The familiar Florida summertime clap of daily thunder signals to the kids playing ball outside that it is time to go inside for a bit. Any U.S. Gulf Coast kid knows when the thunderstorm clouds roll overhead to get to shelter—fast--- because next to come are the threatening lightning strikes. While the lightning is a dangerous concern, the invisible pollution dangers from thunderstorms may be even worse than the lightning strikes.
The Mercury Deposition Network has evaluated rainwater nationwide for twenty years. It has puzzled analysts as to why the mercury levels were persistently so much higher in the southeast, especially in the Gulf Coast states of Florida and Louisiana, than those of northern states.
A new study in Environmental Science and Technology revealed that thunderstorm rain has a 50 percent greater concentration of mercury than that of routine rainstorms. The higher proportion of mercury in thunderstorms means higher mercury pollution in the rain of the Gulf-bordering states. This is the first study to illustrate a causal connection coupling thunderstorms and mercury deposition.
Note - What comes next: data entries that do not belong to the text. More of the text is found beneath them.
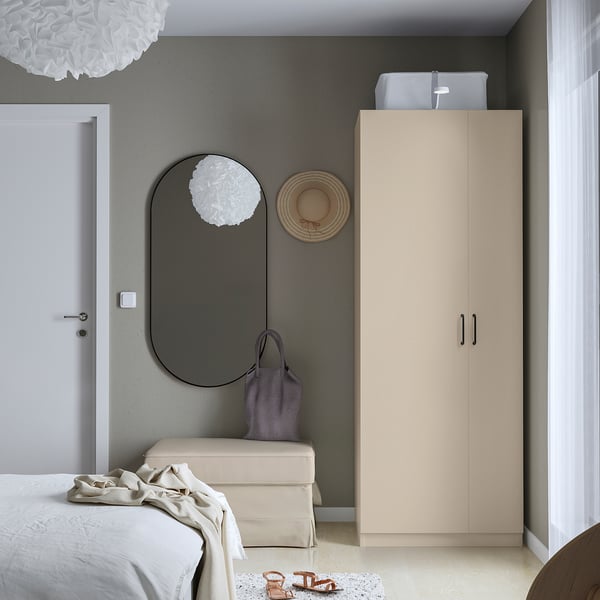 FORSAND Anta, grigio-beige, 25x195 cm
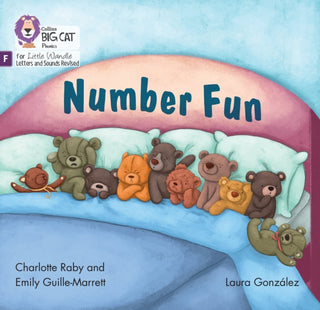 Cover image for 9780008502256 - Number Fun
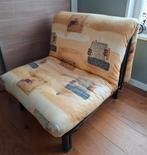 Zit-slaapbank, Huis en Inrichting, Slaapkamer | Slaapbanken, Ophalen, Eenpersoons, 80 cm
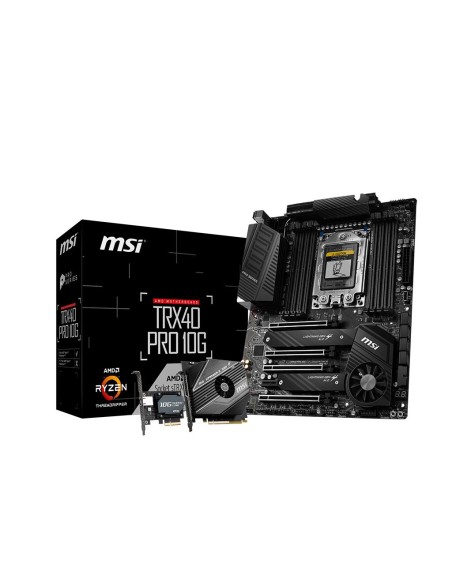 MSI COMPONENTS MSI SCHEDA MADRE ATX TRX40 PRO 10G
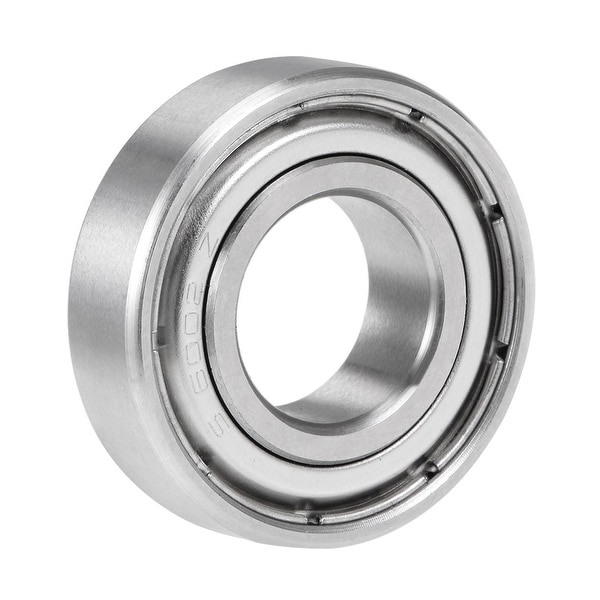 S6002ZZ Stainless Steel Ball Bearing 15x32x9mm Double Shielded 6002Z Bearings - 1 Pack - S6002ZZ (15*32*9)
Researchers compiled rain samples from an assortment of locations across Florida and the Eastern U.S. Scientists matched up over 800 samples with weather data to distinguish if rain was from a standard rainstorm, or if the rain was from a thunderstorm.
Characteristically, everyday rain clouds are two or three miles thick. Thunderstorm clouds reach altitudes of at least nine miles, and researchers surmise that is where the mercury comes in to play. More mercury pollution in the higher levels of the atmosphere, means more mercury absorbed into the thunderclouds. When thunderstorms deliver rain, it transports the mercury to soil and water. Since a great percentage of the rain in Florida and Louisiana in the summer and fall comes from thunderstorms, these states have more mercury pollution.
Researchers now know how the mercury is being disseminated in the rain from thunderstorms. But they still can’t yet identify why there are elevated amounts of mercury at higher altitudes.
Even though mercury is a naturally occurring element, and is used in everyday items such as thermometers, exposure to mercury has proven harmful to people, fish and wildlife. Mercury that is deposited from rainstorms in soil and water can end up moving through the food chain into fish, which is then consumed by humans.
“All 50 states have at least one mercury advisory for eating fish from a local body of water, and all the Gulf States have statewide advisories in effect, warning of high mercury in fish from their coastal marine waters.”
Mechanical or chemical operations, mining and electronics manufacturing all produce mercury. Even though mercury emissions in the United States have reduced considerably in the past few decades, there is a 100-year legacy of mercury in the atmosphere, waterways and soil. The problem is further amplified by industries around the world still producing large amounts of mercury.
In fact, roughly 70 percent of mercury deposited into the U.S. ecosystem is produced outside the United States. Researchers are optimistic that their new findings will drive new conversations about the effects of mercury pollution.